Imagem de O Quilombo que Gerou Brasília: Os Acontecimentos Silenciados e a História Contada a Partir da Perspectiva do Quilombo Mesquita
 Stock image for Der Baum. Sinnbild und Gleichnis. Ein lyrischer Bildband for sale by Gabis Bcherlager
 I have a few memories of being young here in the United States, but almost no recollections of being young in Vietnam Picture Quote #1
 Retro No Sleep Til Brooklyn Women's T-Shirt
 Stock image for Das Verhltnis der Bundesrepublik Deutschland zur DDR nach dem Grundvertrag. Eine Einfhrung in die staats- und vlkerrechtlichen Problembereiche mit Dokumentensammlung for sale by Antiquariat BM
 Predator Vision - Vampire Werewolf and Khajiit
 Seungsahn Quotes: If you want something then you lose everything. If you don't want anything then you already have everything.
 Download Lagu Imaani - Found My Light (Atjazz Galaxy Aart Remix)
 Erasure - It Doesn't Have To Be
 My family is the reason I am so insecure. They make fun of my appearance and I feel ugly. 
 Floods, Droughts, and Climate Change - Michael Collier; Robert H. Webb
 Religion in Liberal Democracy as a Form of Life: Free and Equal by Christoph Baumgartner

:::

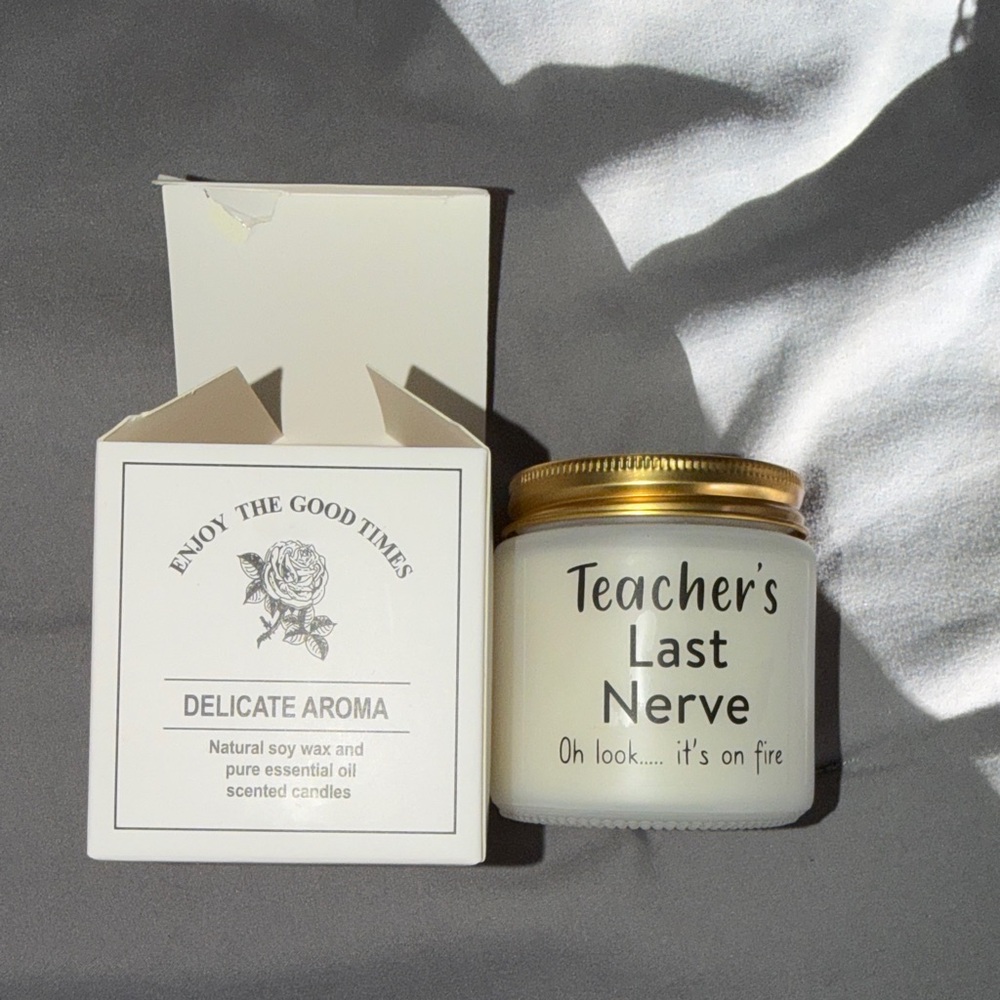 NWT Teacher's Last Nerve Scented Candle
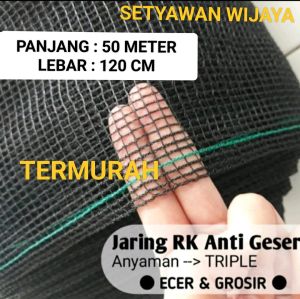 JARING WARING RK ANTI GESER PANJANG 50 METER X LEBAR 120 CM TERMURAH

:::

— Task to carry out —
Search the records for the word "Stock". Copy every line that has it.

— Answer to this problem —
 Stock image for Der Baum. Sinnbild und Gleichnis. Ein lyrischer Bildband for sale by Gabis Bcherlager
 Stock image for Das Verhltnis der Bundesrepublik Deutschland zur DDR nach dem Grundvertrag. Eine Einfhrung in die staats- und vlkerrechtlichen Problembereiche mit Dokumentensammlung for sale by Antiquariat BM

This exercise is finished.